■ Listed entries:
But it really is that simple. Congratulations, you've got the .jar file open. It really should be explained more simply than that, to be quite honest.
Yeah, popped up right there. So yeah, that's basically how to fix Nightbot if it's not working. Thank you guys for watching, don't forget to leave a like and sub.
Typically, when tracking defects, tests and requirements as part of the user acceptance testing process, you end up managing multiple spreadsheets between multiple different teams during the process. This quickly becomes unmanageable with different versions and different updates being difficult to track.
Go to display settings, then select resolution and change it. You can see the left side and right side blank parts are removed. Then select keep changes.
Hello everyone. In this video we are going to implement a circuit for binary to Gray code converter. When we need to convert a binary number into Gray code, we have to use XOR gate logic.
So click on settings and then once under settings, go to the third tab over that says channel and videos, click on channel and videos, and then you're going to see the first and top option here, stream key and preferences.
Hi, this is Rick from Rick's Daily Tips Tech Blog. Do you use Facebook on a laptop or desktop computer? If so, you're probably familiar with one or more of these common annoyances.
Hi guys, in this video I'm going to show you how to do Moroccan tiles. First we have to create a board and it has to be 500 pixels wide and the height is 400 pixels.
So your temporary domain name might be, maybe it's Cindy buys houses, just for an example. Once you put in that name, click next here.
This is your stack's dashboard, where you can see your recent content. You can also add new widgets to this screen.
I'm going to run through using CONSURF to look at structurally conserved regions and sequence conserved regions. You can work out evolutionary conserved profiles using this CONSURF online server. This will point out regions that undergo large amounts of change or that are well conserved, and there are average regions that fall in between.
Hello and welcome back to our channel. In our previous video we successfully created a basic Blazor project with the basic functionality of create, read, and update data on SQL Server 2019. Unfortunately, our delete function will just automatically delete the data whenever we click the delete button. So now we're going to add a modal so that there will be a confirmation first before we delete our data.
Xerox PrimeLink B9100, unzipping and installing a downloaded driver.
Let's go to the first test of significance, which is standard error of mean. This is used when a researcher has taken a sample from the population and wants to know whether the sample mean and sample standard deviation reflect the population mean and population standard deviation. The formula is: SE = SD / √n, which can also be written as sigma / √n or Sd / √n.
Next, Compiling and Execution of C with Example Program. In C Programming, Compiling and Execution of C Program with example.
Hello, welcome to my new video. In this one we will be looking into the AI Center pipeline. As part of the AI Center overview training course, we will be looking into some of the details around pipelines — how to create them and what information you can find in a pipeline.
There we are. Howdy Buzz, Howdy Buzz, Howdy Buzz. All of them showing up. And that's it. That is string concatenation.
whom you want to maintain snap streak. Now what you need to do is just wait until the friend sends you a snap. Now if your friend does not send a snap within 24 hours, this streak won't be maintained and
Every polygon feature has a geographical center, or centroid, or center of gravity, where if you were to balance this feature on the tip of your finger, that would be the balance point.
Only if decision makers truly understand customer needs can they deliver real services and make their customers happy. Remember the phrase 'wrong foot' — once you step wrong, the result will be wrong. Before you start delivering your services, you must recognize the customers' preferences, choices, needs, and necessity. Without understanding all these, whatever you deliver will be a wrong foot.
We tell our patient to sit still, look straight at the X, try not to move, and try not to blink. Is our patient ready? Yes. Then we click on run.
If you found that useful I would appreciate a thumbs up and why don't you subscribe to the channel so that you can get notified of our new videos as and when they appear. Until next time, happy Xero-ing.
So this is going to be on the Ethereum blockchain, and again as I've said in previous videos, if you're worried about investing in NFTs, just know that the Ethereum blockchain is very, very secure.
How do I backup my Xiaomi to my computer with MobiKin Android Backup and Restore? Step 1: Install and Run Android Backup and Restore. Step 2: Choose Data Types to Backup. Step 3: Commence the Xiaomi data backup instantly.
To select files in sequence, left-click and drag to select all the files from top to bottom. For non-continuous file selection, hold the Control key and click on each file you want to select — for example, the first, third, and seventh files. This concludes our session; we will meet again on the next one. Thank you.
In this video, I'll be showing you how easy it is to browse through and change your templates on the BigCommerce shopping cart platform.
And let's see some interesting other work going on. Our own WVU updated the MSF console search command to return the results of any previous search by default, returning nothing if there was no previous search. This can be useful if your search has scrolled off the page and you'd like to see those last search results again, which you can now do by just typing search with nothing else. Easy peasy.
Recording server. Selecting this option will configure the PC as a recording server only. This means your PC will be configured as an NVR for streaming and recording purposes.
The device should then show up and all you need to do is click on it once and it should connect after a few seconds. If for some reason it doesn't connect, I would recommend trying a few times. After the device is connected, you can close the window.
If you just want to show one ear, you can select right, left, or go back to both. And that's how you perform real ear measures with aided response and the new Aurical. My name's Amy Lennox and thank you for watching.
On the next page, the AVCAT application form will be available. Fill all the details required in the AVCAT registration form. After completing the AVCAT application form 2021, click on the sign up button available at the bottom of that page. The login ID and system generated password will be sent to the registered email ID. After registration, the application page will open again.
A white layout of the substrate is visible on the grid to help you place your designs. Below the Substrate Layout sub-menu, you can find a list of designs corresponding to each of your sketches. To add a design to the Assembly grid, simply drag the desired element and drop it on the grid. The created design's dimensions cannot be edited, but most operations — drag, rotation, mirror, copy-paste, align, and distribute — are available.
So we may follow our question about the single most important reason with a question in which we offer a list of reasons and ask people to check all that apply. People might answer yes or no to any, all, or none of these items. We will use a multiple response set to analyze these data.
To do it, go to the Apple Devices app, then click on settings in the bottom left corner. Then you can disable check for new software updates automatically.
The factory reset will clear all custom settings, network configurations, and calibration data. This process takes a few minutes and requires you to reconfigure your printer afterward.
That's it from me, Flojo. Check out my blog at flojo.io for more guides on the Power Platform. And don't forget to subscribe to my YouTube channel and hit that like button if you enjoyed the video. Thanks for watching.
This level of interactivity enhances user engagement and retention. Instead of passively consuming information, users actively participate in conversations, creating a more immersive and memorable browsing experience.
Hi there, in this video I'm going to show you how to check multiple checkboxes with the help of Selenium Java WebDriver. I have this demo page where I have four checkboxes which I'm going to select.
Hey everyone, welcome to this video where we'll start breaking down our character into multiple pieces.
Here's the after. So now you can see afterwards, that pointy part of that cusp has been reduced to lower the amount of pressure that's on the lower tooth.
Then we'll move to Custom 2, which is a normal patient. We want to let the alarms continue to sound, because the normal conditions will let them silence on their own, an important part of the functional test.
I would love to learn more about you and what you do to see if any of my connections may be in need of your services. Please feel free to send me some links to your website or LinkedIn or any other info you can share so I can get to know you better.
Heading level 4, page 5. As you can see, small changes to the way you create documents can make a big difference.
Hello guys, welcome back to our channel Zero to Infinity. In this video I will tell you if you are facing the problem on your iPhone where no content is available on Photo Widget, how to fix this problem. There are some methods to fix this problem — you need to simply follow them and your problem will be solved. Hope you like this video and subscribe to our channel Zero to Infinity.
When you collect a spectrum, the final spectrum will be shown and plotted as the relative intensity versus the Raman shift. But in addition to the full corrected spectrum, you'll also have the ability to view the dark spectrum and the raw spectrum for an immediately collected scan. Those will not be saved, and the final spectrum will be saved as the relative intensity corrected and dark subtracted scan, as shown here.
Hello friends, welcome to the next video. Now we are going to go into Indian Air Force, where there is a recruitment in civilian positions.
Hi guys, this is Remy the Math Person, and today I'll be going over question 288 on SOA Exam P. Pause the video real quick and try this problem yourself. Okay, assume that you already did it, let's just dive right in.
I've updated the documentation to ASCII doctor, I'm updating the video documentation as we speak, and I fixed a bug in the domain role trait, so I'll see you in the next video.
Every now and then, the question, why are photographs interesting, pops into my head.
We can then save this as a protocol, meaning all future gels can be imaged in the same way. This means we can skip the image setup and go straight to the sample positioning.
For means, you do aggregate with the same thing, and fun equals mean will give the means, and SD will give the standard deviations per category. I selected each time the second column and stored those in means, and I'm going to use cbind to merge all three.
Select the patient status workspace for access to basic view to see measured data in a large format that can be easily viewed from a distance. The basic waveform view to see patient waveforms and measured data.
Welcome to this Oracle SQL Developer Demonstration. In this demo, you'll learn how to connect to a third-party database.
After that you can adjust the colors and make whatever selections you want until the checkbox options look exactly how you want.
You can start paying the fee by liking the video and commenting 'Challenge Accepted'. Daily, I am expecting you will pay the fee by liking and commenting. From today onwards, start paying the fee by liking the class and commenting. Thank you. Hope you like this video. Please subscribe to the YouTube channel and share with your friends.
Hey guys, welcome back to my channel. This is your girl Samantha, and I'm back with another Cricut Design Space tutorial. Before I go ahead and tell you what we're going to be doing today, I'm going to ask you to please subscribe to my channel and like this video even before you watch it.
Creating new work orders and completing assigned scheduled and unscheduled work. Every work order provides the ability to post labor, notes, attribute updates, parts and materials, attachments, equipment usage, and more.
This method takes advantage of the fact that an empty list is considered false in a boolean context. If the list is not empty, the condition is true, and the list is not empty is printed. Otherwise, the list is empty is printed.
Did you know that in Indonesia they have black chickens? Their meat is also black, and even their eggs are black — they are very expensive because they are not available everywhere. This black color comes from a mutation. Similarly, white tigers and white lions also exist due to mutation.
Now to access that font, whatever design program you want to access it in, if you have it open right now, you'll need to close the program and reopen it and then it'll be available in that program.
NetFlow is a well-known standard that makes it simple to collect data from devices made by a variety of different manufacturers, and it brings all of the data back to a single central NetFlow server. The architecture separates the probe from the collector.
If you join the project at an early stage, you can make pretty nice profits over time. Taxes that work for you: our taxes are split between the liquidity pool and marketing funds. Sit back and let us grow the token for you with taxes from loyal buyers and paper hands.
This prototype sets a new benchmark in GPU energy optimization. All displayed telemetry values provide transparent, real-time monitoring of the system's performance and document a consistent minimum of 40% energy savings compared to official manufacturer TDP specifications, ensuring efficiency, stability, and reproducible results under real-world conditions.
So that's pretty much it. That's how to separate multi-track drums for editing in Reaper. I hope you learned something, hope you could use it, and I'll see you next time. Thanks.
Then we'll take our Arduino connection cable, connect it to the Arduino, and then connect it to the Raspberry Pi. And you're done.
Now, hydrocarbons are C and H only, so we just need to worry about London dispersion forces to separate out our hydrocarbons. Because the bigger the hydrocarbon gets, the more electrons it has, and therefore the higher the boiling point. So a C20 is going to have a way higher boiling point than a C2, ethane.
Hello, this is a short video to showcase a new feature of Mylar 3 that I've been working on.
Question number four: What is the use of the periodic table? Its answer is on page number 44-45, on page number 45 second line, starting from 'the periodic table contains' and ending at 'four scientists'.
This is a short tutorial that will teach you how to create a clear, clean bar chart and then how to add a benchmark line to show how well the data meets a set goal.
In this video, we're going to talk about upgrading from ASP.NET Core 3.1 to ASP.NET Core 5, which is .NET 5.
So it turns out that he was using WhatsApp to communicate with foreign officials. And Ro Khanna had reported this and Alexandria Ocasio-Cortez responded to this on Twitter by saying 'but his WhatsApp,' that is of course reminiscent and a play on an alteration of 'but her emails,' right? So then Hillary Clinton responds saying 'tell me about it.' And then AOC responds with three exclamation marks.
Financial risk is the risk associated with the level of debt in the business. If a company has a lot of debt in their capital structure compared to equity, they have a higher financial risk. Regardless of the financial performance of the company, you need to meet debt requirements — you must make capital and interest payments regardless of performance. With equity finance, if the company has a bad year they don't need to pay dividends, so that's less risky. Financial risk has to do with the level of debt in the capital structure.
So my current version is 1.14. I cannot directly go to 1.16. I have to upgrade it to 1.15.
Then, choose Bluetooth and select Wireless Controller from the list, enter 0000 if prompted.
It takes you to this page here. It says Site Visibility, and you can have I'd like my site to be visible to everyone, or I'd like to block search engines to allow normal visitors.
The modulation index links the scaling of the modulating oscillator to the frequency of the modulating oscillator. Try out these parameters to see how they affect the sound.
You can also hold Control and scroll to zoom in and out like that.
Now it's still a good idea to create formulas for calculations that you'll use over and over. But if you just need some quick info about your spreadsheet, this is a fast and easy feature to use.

■ Task details: Find where the line with "I would love" sits in the material above, then copy exactly from it through the line with "Hello guys, welcome". Add no other line.

■ Result:
I would love to learn more about you and what you do to see if any of my connections may be in need of your services. Please feel free to send me some links to your website or LinkedIn or any other info you can share so I can get to know you better.
Heading level 4, page 5. As you can see, small changes to the way you create documents can make a big difference.
Hello guys, welcome back to our channel Zero to Infinity. In this video I will tell you if you are facing the problem on your iPhone where no content is available on Photo Widget, how to fix this problem. There are some methods to fix this problem — you need to simply follow them and your problem will be solved. Hope you like this video and subscribe to our channel Zero to Infinity.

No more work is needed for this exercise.